Tensor Product

linear-algebra

Definition

Tensor Product

Let $A=(a_{ij})$ be an $m\times n$-matrix and $B=(b_{kl})$ a $p\times q$-matrix. Then the tensor product $A\otimes B$ is the $(mp)\times (nq)$-matrix obtained by replacing each entry $a_{ij}$ of $A$ with the block $a_{ij}B$.

Equivalently, the entries of $A\otimes B$ are given by

$$(A\otimes B{)}_{(i,k),(j,l)}=a_{ij}{b}_{kl}$$

for $1\le i\le m$, $1\le j\le n$, $1\le k\le p$, and $1\le l\le q$.

Intuition

The tensor product keeps two independent coordinate choices at once.

• A row index becomes a pair $(i,k)$.
• A column index becomes a pair $(j,l)$.
• The entry at the combined position is the product of the corresponding entries:

$$(A\otimes B{)}_{(i,k),(j,l)}=A_{ij}{B}_{kl}.$$

So $A\otimes B$ is not obtained by summing over a shared index, unlike matrix multiplication. It is obtained by pairing indices and multiplying entries.

Vector View

For vectors

$$v=\left(\begin{array}{c}{v}_1\\ v_2\end{array}\right),w=\left(\begin{array}{c}{w}_1\\ w_2\end{array}\right),$$

the tensor product is

$$v\otimes w=\left(\begin{array}{c}{v}_1{w}_1\\ v_1{w}_2\\ v_2{w}_1\\ v_2{w}_2\end{array}\right).$$

For basis vectors, this means that two basis choices combine into one joint basis choice:

$$e_i\otimes f_k\text{has joint index}(i,k).$$

This is why tensor products are used for composite systems: if one system has basis states $e_i$ and another has basis states $f_k$, the combined system has basis states $e_i\otimes f_k$.

Properties

The map

$$\tau :V\times W\to V\otimes W,\tau (v,w)=v\otimes w$$

is bilinear.
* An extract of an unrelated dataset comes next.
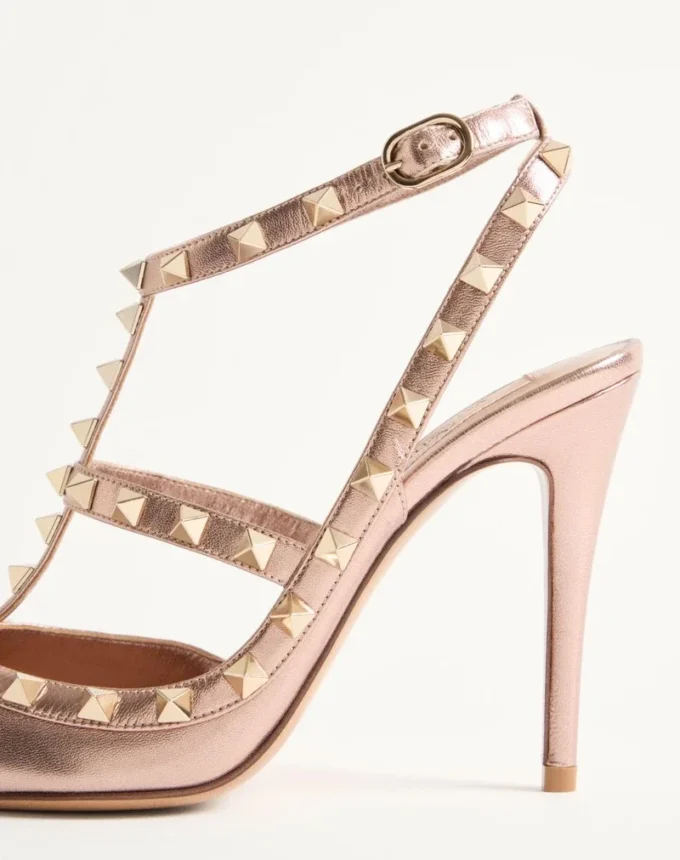 Γόβες Rockstud από πλαστικοποιημένο δέρμα νάπα 100 mm Γόβες Rockstud από πλαστικοποιημένο δέρμα νάπα 100 mm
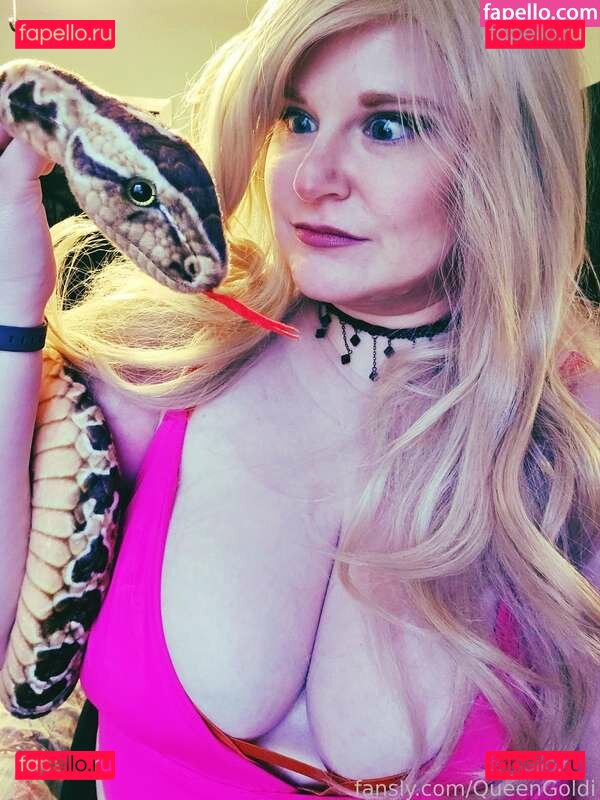 QueenGoldi / https: / thequeengoldi Onlyfans Photo Gallery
That means it is linear in each argument separately.

$$\begin{array}{rlrlrl}\text{Homogeneity:}& \lambda (v\otimes w)& =& (\lambda v)\otimes w& =& v\otimes (\lambda w)\\ \text{Additivity (left):}& (v+v^{\prime })\otimes w& =& v\otimes w+v^{\prime }\otimes w& & \\ \text{Additivity (right):}& v\otimes (w+w^{\prime })& =& v\otimes w+v\otimes w^{\prime }& & \end{array}$$

So the listed laws are homogeneity and additivity in each argument, not left-associativity. The associative law for tensor products is a separate statement:

$$(U\otimes V)\otimes W\cong U\otimes (V\otimes W),$$

usually via a canonical isomorphism, not literal equality of the constructed spaces.

Einsum

Einsum notation can express the tensor product by keeping both pairs of indices separate:

$$(A\otimes B{)}_{(i,k),(j,l)}=A_{ij}{B}_{kl}$$

In code, this is similar to

einsum('ij,kl->ikjl', A, B)

The result can then be reshaped into the usual matrix form of the tensor product.

Examples

Example

For

$$A=\left(\begin{array}{cc}1& 2\end{array}\right),B=\left(\begin{array}{cc}0& 1\\ 3& 4\end{array}\right),$$

the tensor product is

$$A\otimes B=\left(\begin{array}{cc}1B& 2B\end{array}\right)=\left(\begin{array}{cc}1\left(\begin{array}{cc}0& 1\\ 3& 4\end{array}\right)& 2\left(\begin{array}{cc}0& 1\\ 3& 4\end{array}\right)\end{array}\right)=\left(\begin{array}{cccc}0& 1& 0& 2\\ 3& 4& 6& 8\end{array}\right).$$